Tuesday, April 9, 2024

Post Eclipse

 Nothing went quite the way I planned. 

I thought I would be home all day, and have plenty of time to set spells. Instead, Youngest Son texted, asking me to come get him because the fairly large high school with at least 500 students present daily, had less than 100 students yesterday. Everyone was convinced it was the end of days, souls would ascend, the world would reset, the alien mother ship would land, the government would end the matrix, whatever. 

So a little after 11, when the eclipse first began to be visible in the world, I went to my garden, knelt down, and connected with my plant. Then I reached out for the sun, which I could feel on my skin, but it felt 'void.' I could feel the moon, which sort of had a full moon vibe. Then I connected with my beautiful Celtic pot. I tried to think about the artist, and how they might have felt while making it. 

I told my plant I wanted to be healed of diabetes, or at least be as healthy as I could be with the condition. I pictured seeing good numbers on my sensors, and my doctor telling me my a1c was at goal. 

Then I drove to the school to check the boys out. 

We got lunch, then ate at the park. The playground was closed for construction. So we came home. 

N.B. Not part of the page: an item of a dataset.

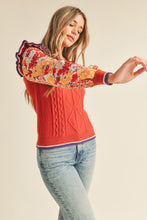 Brick Rust Mult Cable Knit Sweater Top With Woven Floral Sleeves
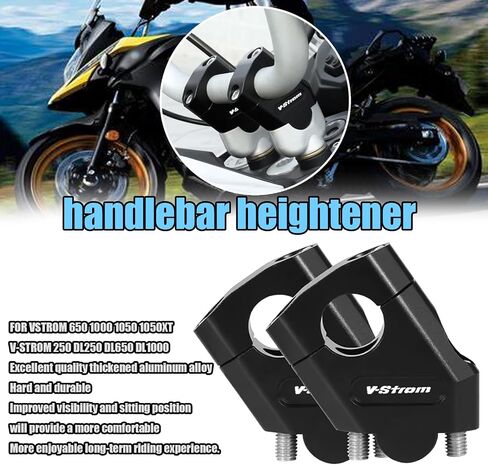 FOR VSTROM 650 1000 1050 1050XT/250 DL250 DL650 DL1000 22mm 28mm Motorcycle Handlebar Raiser Handlebar Clamp Lifter Off-road Motorcycle Height Clamp Accessories (28 black) in Saudi Arabia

We had decided to let the kids swap rooms, and I decided the new moon in Aries during the eclipse was a good time to get started. A lot of cleaning, throwing out, and moving furniture ensued. My husband texted me around 2 to tell me we could use his welding helmet if we wanted to see the eclipse. The sky looked a little strange, but it was nothing like the last eclipse. Since I had already set my intent, and since it didn't look special outside, and since the kids were wound up about 'new' rooms, I didn't try to do anything else. I wanted to. I wanted to do a journal ritual with dragons. I wanted to read the cards. I wanted to make art. None of these happened. 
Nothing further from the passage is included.